_ACTIVITY:_
Only the lines from the one containing "microns Central corneal vault under 200" to the end of the records belong in the copy. Reproduce them word for word and drop the pictures.

*** PROVIDED ENTRIES Section Begins ***

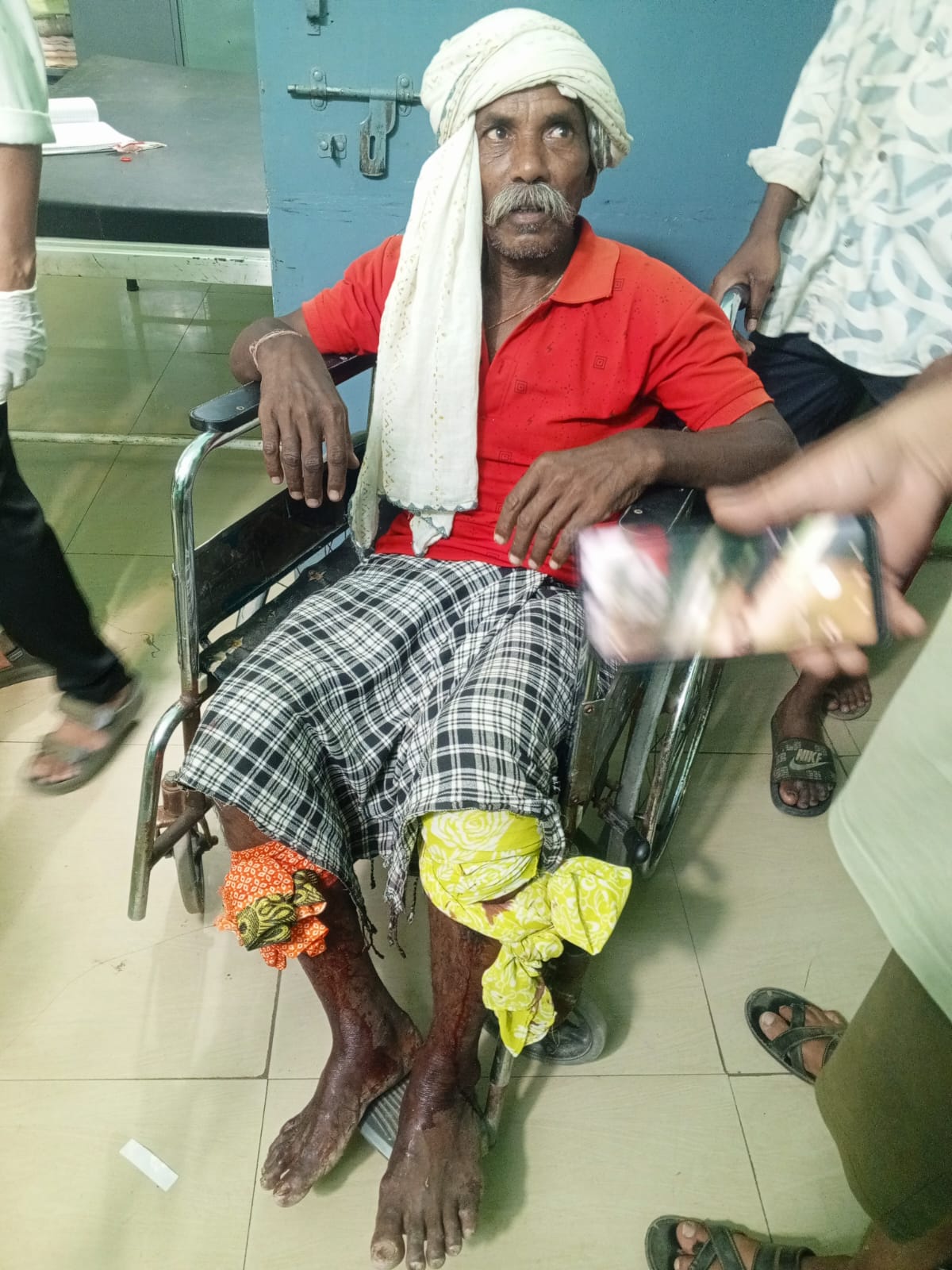 तेन्दु पत्ता तोड़ने गए दो ग्रामीणों पर भालू ने किया हमला,पाली क्षेत्र के ग्राम भादा का मामला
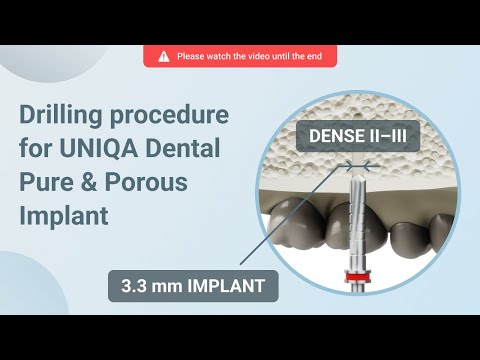 Drilling procedure for UNIQA Dental Pure & Porous Implant UH8 UV11 [ 3.3 mm | D2-D3 bone density ]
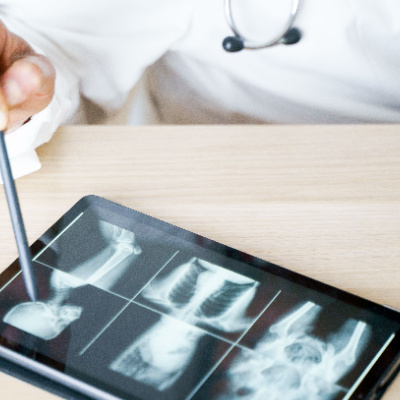 chiropractic auto injury treatment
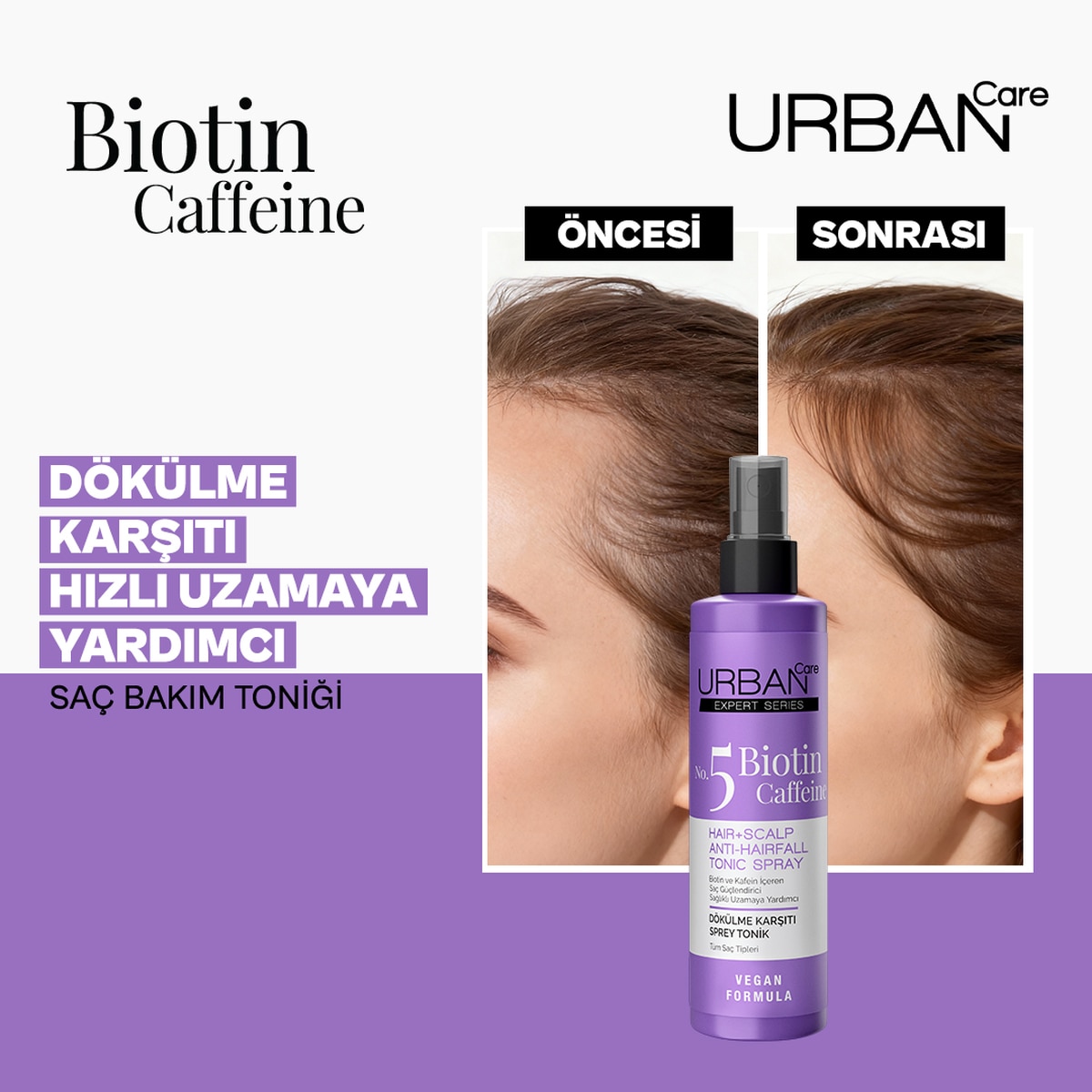  URBAN CARE URBAN CARE Urban Care Expert Saç Toniği Biotin&Caffeine 200 ml  1 of 10 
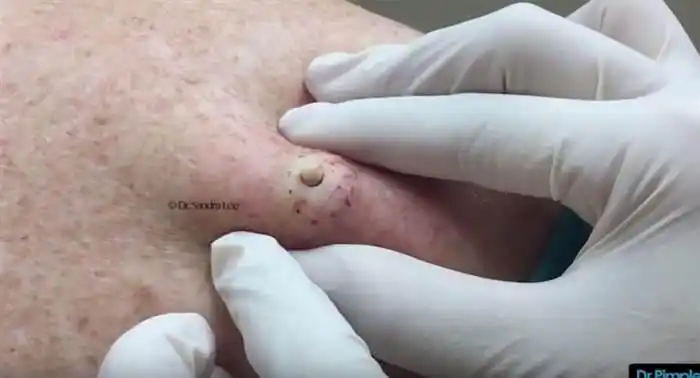 背上浓疮痛不欲生,医生用手术针开一个洞,瞬间脓疮「爆浆」像蚯蚓般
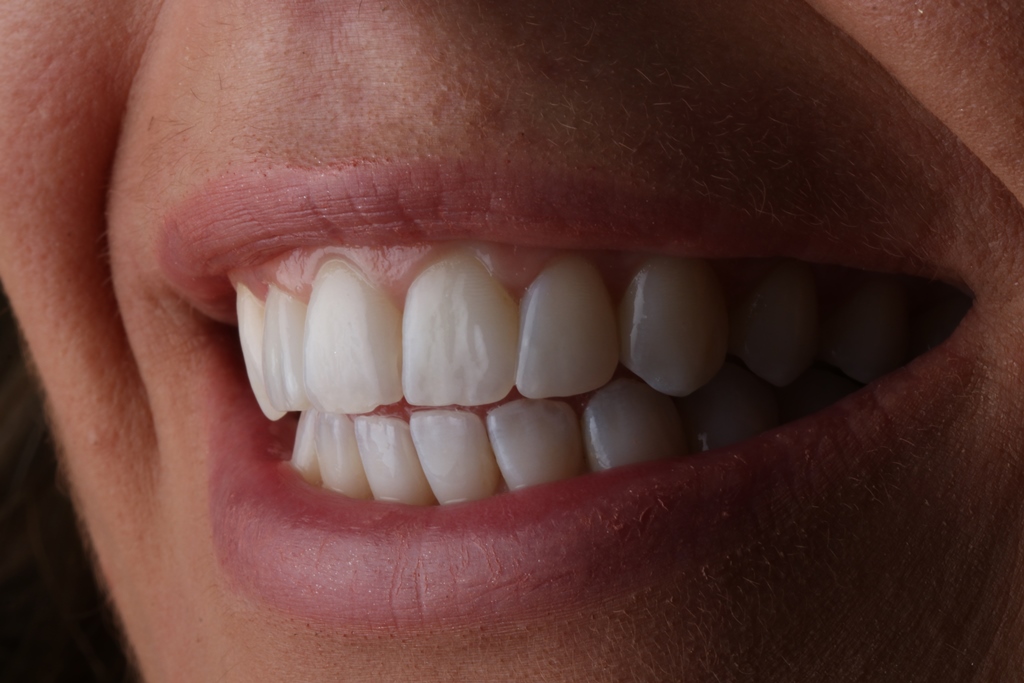 Smilefast at Start Smiling Dentist in Essex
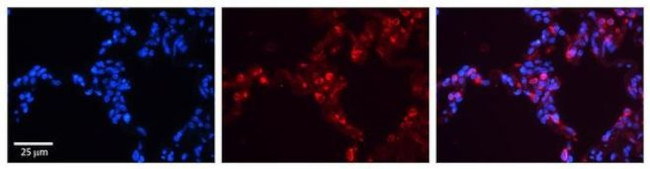 SFTPB Antibody in Immunohistochemistry (Paraffin) (IHC (P))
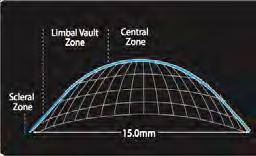 microns Central corneal vault under 200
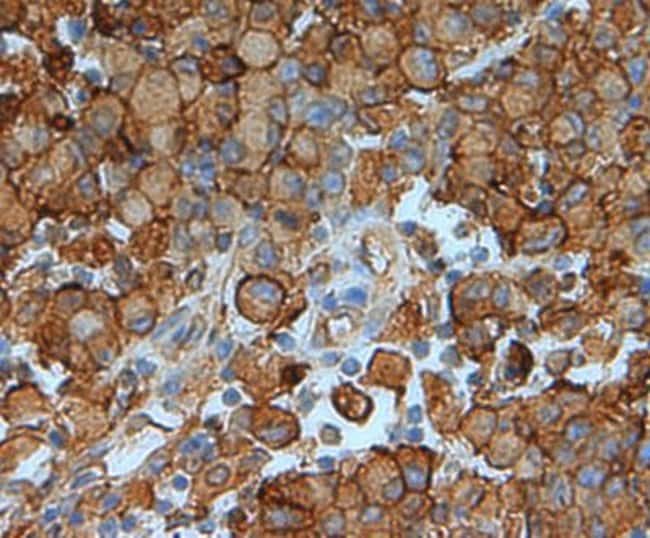 Annexin II polyclonal Antibody 100 µg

*** PROVIDED ENTRIES Section Ends ***

_ANSWER BOX:_
 microns Central corneal vault under 200
 Annexin II polyclonal Antibody 100 µg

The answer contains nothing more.